» **Directions**:
Return a copy of every line in the data below that contains "Silk".

Caption-style text data

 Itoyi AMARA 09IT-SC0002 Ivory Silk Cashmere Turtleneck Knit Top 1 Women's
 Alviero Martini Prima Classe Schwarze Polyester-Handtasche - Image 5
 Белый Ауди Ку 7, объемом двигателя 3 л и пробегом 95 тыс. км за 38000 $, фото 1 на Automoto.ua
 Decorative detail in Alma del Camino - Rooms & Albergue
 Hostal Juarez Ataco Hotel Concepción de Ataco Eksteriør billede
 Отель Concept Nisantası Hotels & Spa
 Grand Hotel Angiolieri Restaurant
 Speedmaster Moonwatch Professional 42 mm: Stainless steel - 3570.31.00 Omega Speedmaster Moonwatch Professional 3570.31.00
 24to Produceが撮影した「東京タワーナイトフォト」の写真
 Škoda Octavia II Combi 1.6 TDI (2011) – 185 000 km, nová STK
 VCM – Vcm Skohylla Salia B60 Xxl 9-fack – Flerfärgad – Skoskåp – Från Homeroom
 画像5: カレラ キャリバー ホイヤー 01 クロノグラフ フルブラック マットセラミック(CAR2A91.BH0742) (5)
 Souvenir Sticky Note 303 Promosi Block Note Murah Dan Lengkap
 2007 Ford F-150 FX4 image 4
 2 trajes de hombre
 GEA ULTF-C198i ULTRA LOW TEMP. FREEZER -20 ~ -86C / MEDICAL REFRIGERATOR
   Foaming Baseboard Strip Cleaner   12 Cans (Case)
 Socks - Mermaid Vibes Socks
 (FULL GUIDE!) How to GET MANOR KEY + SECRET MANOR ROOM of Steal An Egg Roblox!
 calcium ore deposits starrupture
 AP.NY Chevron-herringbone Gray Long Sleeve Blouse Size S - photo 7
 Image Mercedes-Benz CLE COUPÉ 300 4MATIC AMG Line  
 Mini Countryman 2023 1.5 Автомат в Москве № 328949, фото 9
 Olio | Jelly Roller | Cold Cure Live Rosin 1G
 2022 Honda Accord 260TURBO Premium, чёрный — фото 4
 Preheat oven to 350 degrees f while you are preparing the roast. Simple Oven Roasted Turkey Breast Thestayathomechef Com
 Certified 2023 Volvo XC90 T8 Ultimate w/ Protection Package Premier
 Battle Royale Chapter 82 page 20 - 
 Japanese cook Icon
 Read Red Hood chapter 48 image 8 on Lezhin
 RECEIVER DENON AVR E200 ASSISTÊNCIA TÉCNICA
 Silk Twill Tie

» **Exercise answer**:
 Itoyi AMARA 09IT-SC0002 Ivory Silk Cashmere Turtleneck Knit Top 1 Women's
 Silk Twill Tie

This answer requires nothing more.